The Compliance Officer in the Governance Structure


Where should the compliance officer be in the organization chart?  Should the compliance officer have access to the board of directors?  Should there be a compliance committee on the board or should it be part of the audit committee?

The simple answer is the more important compliance is to your revenue stream, the more likely it is that your compliance officer should have direct access to the CEO.  That is particularly true if there is a high inherent risk (as viewed through the prism of the fraud triangle) of a violation.  If you have a salesman that markets medical devices in a very competitive environment and he is 100% commission-based, you have a high risk of a kickback violation.  It is that simple.  Because the risk of a violation is high, the control structure design must be robust.

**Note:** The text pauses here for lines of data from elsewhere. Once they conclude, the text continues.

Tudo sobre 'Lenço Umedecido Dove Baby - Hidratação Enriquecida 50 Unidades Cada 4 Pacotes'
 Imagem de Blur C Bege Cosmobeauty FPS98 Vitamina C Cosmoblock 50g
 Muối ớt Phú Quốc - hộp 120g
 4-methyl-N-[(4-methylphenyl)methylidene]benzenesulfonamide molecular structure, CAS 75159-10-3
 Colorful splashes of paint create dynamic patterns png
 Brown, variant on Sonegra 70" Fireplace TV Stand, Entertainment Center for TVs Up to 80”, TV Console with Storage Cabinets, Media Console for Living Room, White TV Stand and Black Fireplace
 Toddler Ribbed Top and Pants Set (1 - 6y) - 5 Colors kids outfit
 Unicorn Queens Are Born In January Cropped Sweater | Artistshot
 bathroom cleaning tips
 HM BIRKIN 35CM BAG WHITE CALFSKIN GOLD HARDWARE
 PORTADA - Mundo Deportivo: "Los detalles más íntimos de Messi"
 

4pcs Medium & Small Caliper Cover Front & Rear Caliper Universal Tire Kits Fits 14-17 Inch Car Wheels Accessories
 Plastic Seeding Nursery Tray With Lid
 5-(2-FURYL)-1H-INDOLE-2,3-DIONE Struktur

I remember years ago working on a health care fraud case at a large hospital in the Northeast.  I needed to interview the Compliance Officer and I literally needed a GPS to find his office.  He was located in a dark corridor, segregated from everyone else.  I finished the interview and told the defense counsel that we had a problem.  The attorney said, “why, what did he say?”  I told the attorney that he didn’t need to say anything.  His location and lack of interaction with the organization spoke louder than words.

On the other end of the spectrum, I worked on an accounting fraud case for an energy company.  The CEO was engaged.  The CEO addressed the VP of internal audit in meetings and made it clear that they had a relationship.  When the meeting was drawing to a conclusion, the CEO recapped the issues and asked for action plans from the key stakeholders.  The attitude of the CEO, the relationship with key management and the organizational respect for controls told me everything I needed to know-  we may have had a mistake, but we probably didn’t have a fraud.

In both of the aforementioned examples, compliance was key to revenue.  One organization disregarded that fact and the other embraced it.  I probably don’t have to tell you how the investigations turned out.

That is not to say that fraud can’t occur in a well-controlled organization.  I have seen it.  I worked on a bank fraud case where an accounts receivable financing arm committed a 300 million dollar loan fraud scheme through manipulation of the aging controls.  It required impressive collusion- at least 15 people were involved.  I used to say you couldn’t find 15 bad people anywhere outside of a University of Florida alumni meeting, but I guess I was wrong!  The organization, as a whole however, avoided prosecution, because it was obvious that this was isolated and collusive- therefore difficult for any control environment to detect.

As to whether there should be a separate compliance committee or just part of the audit committee charter, I would say the same considerations apply.  You should accept, however, that audit committees have a great deal on their plate.  If you add on compliance, it will be just that-- an add on that does not get the committee’s full attention.